Start of DATA PROVIDED
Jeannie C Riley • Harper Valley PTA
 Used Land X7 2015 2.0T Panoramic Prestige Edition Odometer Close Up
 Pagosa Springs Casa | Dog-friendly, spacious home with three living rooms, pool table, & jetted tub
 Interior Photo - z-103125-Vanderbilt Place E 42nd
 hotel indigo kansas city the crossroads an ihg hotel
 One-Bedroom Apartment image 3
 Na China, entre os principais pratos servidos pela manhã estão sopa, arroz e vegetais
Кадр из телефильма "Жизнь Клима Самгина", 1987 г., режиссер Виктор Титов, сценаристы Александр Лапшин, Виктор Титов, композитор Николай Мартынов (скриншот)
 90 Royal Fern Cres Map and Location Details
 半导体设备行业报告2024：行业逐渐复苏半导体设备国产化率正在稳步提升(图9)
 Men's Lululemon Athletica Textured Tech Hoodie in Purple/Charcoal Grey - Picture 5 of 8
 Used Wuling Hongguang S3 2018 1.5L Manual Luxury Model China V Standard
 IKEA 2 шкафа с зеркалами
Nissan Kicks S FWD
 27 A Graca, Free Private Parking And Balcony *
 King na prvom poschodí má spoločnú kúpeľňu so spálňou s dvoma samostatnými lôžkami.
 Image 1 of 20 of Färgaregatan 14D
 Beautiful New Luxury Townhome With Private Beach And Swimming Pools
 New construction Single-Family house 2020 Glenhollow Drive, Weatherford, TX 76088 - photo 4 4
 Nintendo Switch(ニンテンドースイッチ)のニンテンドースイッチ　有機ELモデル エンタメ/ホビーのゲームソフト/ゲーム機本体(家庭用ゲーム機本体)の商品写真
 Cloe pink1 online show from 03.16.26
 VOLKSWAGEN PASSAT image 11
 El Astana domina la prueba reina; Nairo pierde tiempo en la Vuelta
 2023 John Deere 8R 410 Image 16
End of DATA PROVIDED
HOW TO COMPLETE THIS TASK
Copy the lines of the entries above that mention "Used".

YOUR SOLUTION
 Used Land X7 2015 2.0T Panoramic Prestige Edition Odometer Close Up
 Used Wuling Hongguang S3 2018 1.5L Manual Luxury Model China V Standard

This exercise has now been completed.